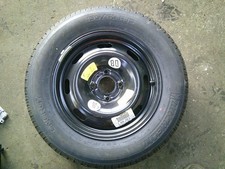 PEUGEOT 207 2006 to 2012 15" STEEL / SPARE WHEEL & 7mm 195 / 65 / R15 TYRE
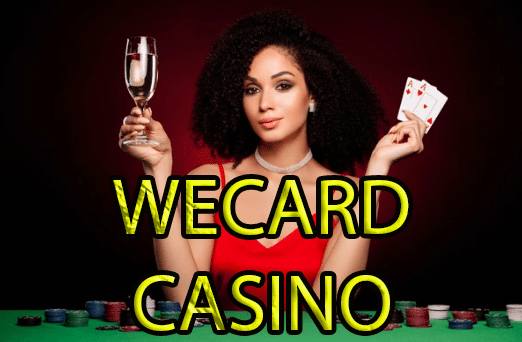 Wecard Casino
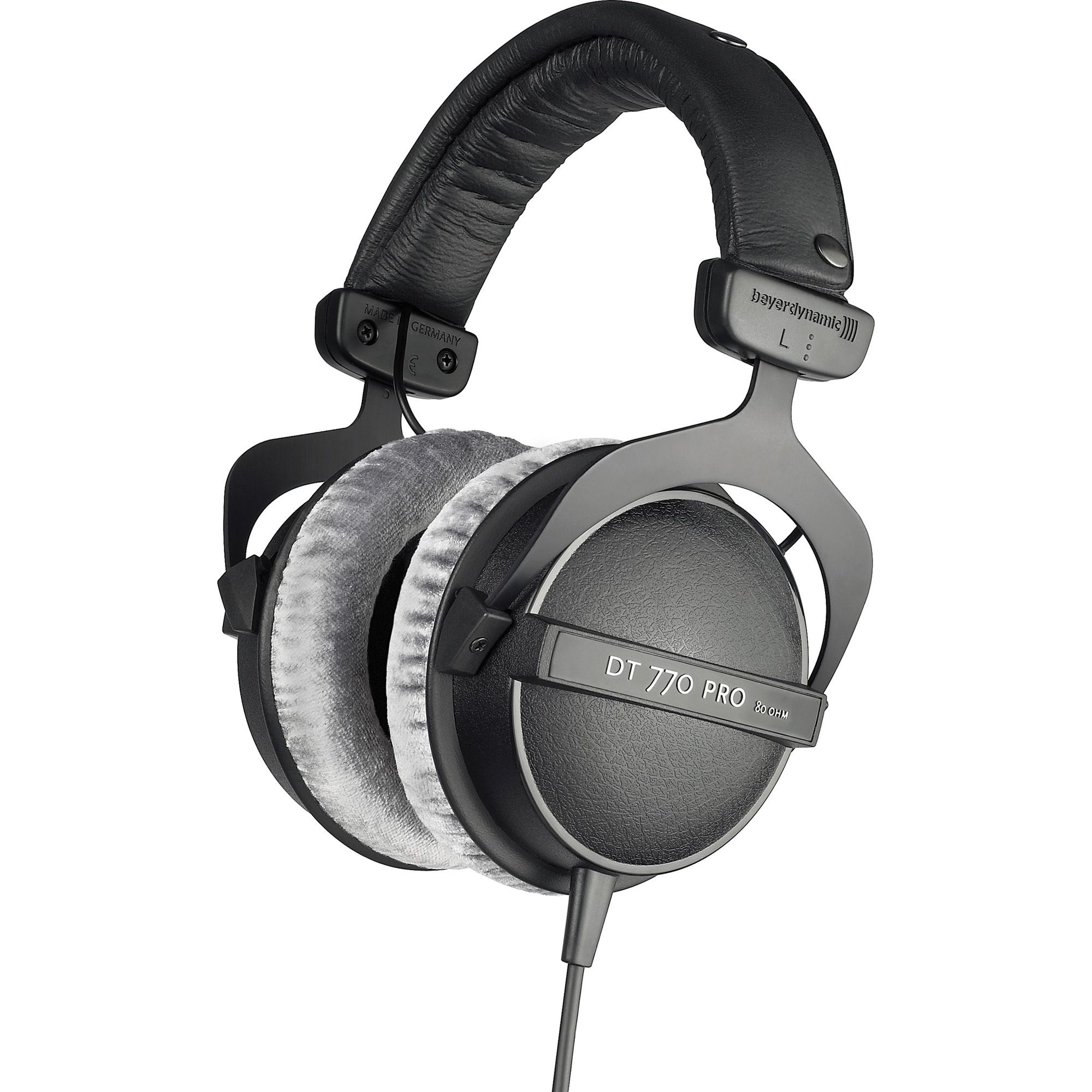 

Наушники Beyerdynamic DT 770 Pro 80 Ohm (474746)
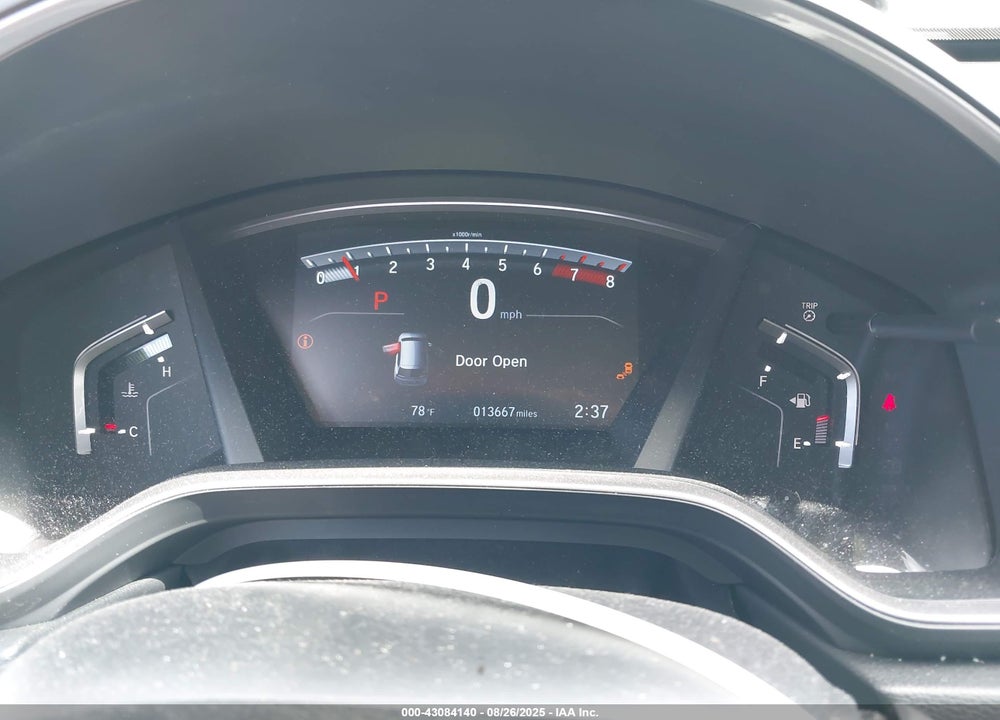 2020 HONDA CR-V VIN: 5J6RW2H95LL014557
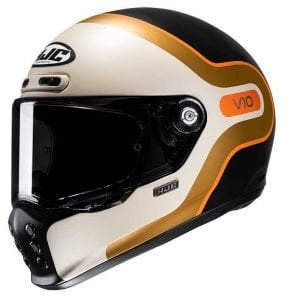 Hjc V10 Kask Grape MC7SF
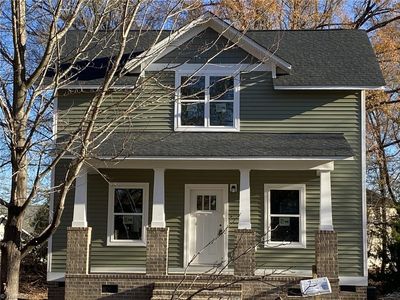 701 Dorgan St, Greensboro, NC, 27401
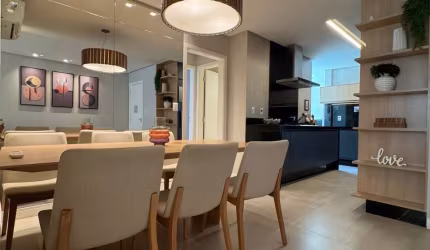 APARTAMENTO EM JARDIM CAMBURI /PORTEIRA FECHADA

──────────

### What to work on
Drop the pictures, then repeat the material word for word.

### Exercise response
 PEUGEOT 207 2006 to 2012 15" STEEL / SPARE WHEEL & 7mm 195 / 65 / R15 TYRE
 Wecard Casino

Наушники Beyerdynamic DT 770 Pro 80 Ohm (474746)
 2020 HONDA CR-V VIN: 5J6RW2H95LL014557
 Hjc V10 Kask Grape MC7SF
 701 Dorgan St, Greensboro, NC, 27401
 APARTAMENTO EM JARDIM CAMBURI /PORTEIRA FECHADA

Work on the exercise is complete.